### PROVIDED RECORDS
===============
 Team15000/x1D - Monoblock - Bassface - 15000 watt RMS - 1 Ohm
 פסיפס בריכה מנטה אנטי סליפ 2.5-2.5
===============
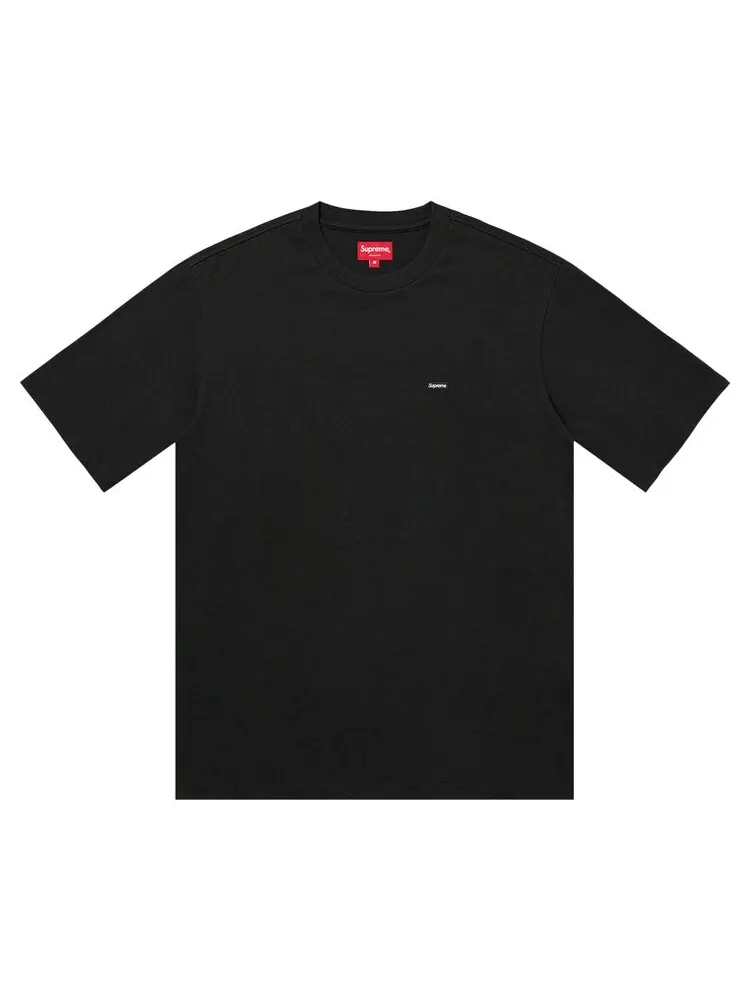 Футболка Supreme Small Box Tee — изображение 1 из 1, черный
===============
Please output exactly the lines between the one holding "Team15000/x1D - Monoblock" and the one holding "פסיפס בריכה מנטה אנטי סליפ 2.5-2.5" in the records above, inclusive, and nothing more.

 Team15000/x1D - Monoblock - Bassface - 15000 watt RMS - 1 Ohm
 פסיפס בריכה מנטה אנטי סליפ 2.5-2.5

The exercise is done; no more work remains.